April 30, 2024
Passing the Torch

Photo: Tom Williams/Sipa

Kathy Kraninger prepares to testify at a congressional hearing in 2019. Kraninger was director of the Consumer Financial Protection Bureau during the Trump administration. She favors a "rational, surgical" approach to regulatory enforcement.

Economic Backbone: Financial Marketplace

Passing the Torch

Alex Sanchez reflects on three decades at the Florida Bankers Association, and his successor, CEO Kathy Kraninger, discusses her agenda.

Mike Brassfield | 4/11/2024

There’s been a changing of the guard at the Florida Bankers Association, which lobbies Tallahassee and Washington, D.C., on behalf of the banking industry. Longtime leader Alex Sanchez has retired after 30 years with the organization, 26 as CEO. His successor, Kathy Kraninger, was director of the Consumer Financial Protection Bureau during the Trump administration and is plotting a new course for the organization.

FLORIDA TREND took a look back with Sanchez and a look ahead with Kraninger.
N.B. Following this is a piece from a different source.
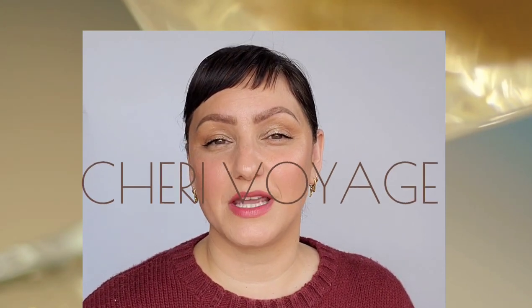Hello everyone, welcome to Shrevoyage. Today we're going to be going over a full face of one brand, and the brand I chose today was Hourglass. So let's go ahead and jump into the Hourglass look.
She’ll be only the fourth CEO of the trade group, which dates back to 1888.

When Sanchez, 66, thinks about his tenure with the FBA, he’s most proud of how Florida’s banking industry responded in times of crisis, particularly during the COVID pandemic and the Great Recession.

“When COVID-19 hit, the world came to a halt. And while our bigger corporations might have the capital to withstand any difficulties, how about our small business owners? They don’t have the capital to keep their doors closed for a year or two,” says Sanchez, who’s now president and CEO of the Salva Financial Group of Florida, a business consulting firm.
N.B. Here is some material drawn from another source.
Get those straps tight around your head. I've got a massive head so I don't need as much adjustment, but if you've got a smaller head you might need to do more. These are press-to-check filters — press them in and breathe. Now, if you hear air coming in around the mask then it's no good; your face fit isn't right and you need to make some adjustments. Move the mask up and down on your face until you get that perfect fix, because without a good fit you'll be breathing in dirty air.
Florida bankers worked long hours helping companies navigate a dysfunctional Small Business Administration portal so they could get Paycheck Protection Program loans to stay afloat, he says. The result: Florida, the third-largest state, received the second-most PPP loans in the country.

Before that came the Great Recession of 2008-2009, when the collapse of a housing bubble led to waves of home foreclosures. “We entered into agreements to modify millions of mortgages so people could stay in their homes and get back on their feet,” Sanchez recalls.

Now enters Kraninger, 49, who arrives with decades of experience in government in Washington, D.C. Among other places, she worked at the Department of Homeland Security and the Office of Management and Budget. She also served as director of the Consumer Financial Protection Bureau, which helps regulate financial institutions. Most recently she worked in regulatory strategy for a software startup.

The move from regulator to industry advocate gives her a useful perspective. “I understand where the government’s coming from,” she says. “One of the things that I really valued in my government career was an opportunity to dig into and understand how an industry operates — to learn how government regulation really affects it.”

She’s a proponent of “rational, surgical” regulatory enforcement. For example, some of the banking industry’s most powerful trade groups are fighting against bureaucratic updates to the Community Reinvestment Act, a 1977 law that encourages banks to lend to low- and moderate-income borrowers in their communities. Kraninger agrees with the law’s intent but says the way it’s being enforced is counterproductive and unnecessarily burdensome on small banks in particular.

She talks of getting the message out to the public and lawmakers about what lenders do for their communities. She also asks: “What can we do to make Florida an even friendlier place to open a bank or a business?”